* [BRIEF] Look through the entries below and extract exactly the lines from the one containing "San Carlo Veggy" through the one containing "Diagram Steering gear", ends included.

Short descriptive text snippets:
>>>
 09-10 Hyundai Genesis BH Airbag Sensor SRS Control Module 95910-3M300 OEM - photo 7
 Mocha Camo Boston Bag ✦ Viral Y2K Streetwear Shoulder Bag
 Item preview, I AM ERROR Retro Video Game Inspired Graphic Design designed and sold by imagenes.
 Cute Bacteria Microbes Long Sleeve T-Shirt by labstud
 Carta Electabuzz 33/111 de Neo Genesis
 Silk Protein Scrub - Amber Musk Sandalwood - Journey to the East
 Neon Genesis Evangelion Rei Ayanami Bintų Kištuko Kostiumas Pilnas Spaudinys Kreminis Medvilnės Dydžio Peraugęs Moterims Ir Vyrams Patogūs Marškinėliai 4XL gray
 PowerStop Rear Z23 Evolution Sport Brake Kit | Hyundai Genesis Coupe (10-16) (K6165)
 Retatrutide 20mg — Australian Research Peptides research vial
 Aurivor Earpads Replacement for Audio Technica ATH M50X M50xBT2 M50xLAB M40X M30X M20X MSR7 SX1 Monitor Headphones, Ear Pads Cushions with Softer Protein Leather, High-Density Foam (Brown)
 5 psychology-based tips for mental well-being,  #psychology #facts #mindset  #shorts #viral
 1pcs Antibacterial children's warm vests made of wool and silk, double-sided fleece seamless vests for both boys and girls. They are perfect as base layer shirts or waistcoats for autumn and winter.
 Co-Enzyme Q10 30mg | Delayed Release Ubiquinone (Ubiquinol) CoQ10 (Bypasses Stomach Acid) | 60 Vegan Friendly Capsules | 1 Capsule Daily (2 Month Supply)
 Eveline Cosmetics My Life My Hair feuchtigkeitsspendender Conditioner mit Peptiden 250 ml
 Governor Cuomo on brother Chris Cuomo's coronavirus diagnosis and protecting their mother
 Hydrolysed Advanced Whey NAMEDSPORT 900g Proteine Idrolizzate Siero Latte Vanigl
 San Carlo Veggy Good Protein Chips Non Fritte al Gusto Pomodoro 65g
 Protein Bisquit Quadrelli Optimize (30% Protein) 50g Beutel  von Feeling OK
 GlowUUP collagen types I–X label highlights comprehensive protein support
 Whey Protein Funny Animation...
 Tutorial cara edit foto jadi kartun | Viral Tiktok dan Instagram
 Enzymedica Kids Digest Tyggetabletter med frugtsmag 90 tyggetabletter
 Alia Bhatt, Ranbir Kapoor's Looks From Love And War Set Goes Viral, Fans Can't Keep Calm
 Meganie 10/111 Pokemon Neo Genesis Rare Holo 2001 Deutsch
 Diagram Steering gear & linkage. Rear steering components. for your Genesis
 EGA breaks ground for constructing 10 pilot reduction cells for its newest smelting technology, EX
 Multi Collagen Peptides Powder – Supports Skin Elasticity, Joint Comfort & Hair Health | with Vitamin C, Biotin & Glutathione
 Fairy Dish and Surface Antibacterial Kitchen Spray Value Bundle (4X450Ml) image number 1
<<<
* [SOLUTION TO THE EXERCISE]
 San Carlo Veggy Good Protein Chips Non Fritte al Gusto Pomodoro 65g
 Protein Bisquit Quadrelli Optimize (30% Protein) 50g Beutel  von Feeling OK
 GlowUUP collagen types I–X label highlights comprehensive protein support
 Whey Protein Funny Animation...
 Tutorial cara edit foto jadi kartun | Viral Tiktok dan Instagram
 Enzymedica Kids Digest Tyggetabletter med frugtsmag 90 tyggetabletter
 Alia Bhatt, Ranbir Kapoor's Looks From Love And War Set Goes Viral, Fans Can't Keep Calm
 Meganie 10/111 Pokemon Neo Genesis Rare Holo 2001 Deutsch
 Diagram Steering gear & linkage. Rear steering components. for your Genesis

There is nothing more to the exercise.